Charities as beneficiaries of DAF
With some parent charities, instead of naming successors to your donor-advised fund, you may be able to choose to gift the entire remaining amount of the fund to a charity or selection of charities upon your death – essentially, naming the charity as your beneficiary.
Establishing a donor advised fund can be an effective way to create a reserve fund for your charitable giving. Of course, as in all investment scenarios, it is possible that your donor advised fund account could decrease in value. But a growing number of people are finding that creating and managing a DAF is a useful tool for living a philanthropic life.
Donor-Advised Fund Account as a Beneficiary of Your Retirement Plan
Your retirement plan is designed to benefit you during your post-employment years. However, you may name beneficiaries for your project if you pass away with money still left in your account. In addition, you can donate your retirement accounts to DAF sponsors at death to avoid significant taxes on the distribution of the assets to heirs. So the total amounts can be used for charitable purposes.
Donor-Advised Fund Account as a Beneficiary of Your Will or Revocable Living Trust(s) A bequest is a way to leave money to charity through a will or trust after death. It costs nothing now, but it can support a charitable organization’s future while leaving a lasting legacy.
Donor-Advised Fund Account as a Beneficiary of Your Charitable Remainder Trust(s)
If your DAF is the beneficiary of a charitable remainder trust, the trust’s assets can ultimately go to any charity the advisors of the DAF recommend. This gives you and your heirs the flexibility to meet the world’s changing needs. In addition, naming the DAF as the remainder beneficiary provides excellent flexibility to the donor and advisor if the advisor or donor changes wealth management firms.
You may designate your donor-advised fund account as the beneficiary of a life insurance policy or make a gift of the policy itself.
Or, in many cases, you may be able to stipulate that 5% of the assets be granted annually to the charity of your choice after you and other original donors have died.
Naming the successors and advisers for your DAF
When you establish your fund, you can name advisers and successors, allowing them to take over recommending gifts on your behalf. You can involve those close to you in your philanthropic efforts by naming advisers. And by naming successors, you offer your heirs a way to carry on supporting the causes that are important to you.

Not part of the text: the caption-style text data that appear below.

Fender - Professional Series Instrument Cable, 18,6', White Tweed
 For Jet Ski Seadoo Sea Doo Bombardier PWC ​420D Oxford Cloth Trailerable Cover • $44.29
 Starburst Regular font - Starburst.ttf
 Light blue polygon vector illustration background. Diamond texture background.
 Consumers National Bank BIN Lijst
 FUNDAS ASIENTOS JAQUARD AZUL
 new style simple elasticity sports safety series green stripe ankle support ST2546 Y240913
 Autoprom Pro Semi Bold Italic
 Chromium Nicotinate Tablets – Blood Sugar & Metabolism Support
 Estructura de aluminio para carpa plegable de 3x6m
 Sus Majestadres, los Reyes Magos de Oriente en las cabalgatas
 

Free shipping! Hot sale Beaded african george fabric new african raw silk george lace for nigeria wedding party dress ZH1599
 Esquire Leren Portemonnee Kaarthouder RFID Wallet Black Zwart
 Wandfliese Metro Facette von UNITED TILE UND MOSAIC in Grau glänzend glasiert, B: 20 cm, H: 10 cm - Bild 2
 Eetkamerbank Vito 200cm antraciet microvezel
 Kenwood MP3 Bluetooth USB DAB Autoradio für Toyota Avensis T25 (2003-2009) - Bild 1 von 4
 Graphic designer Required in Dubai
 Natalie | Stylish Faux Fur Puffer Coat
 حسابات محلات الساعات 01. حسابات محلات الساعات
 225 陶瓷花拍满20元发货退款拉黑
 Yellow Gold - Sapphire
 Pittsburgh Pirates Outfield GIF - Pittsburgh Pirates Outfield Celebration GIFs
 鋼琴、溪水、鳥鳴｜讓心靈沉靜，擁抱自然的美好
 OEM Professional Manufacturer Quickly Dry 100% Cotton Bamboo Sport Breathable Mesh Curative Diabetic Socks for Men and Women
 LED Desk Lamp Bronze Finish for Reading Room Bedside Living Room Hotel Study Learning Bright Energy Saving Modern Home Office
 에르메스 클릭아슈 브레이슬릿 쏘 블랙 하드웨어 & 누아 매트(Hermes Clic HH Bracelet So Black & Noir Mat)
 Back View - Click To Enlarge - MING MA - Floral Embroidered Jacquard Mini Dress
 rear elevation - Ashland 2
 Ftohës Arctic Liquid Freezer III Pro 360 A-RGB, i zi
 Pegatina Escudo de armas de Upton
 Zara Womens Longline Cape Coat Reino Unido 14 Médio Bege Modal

Naming advisers and successors to your fund is an excellent way to involve family members and loved ones in the charities and causes you’re committed to. Because your advisers can be actively involved in the grant recommendation process, asking your children to play these roles allows them to get involved in your interests and helps you pass on your values to them. Donors establishing an advised fund may designate any person over 18 years of age to be an adviser on the fund. Successors, who frequently started as advisers, have the opportunity and responsibility to carry the torch you lit in your lifetime. They take over all the duties of a donor, including making contributions, recommending grants, and naming new advisers and successors.
The donor’s chosen advisors retain the authority to recommend grants to charities at their own pace throughout the fund’s life. Successors and advisors are likely to continue to support some or all of the charities the DAF creators have funded.
Partner with a private foundation
If you have a private foundation, you are undoubtedly already well acquainted with establishing a philanthropic legacy. But having a foundation does not preclude you from adding another way to further your charitable initiatives. In fact, a donor-advised fund can be a valuable complement to your foundation because DAFs offer flexibility in certain areas that private foundations do not.
For example, there may be causes or charities that you would like to support but cannot fund because they do not fall within the stated mission of your foundation. Or, there may be a grant that you would like to make anonymously to maintain privacy – impossible to do through a foundation because all grants are a matter of public record. But you could easily make either of these types of grants out of your donor-advised fund, thus expanding your charitable mission in whatever direction you choose.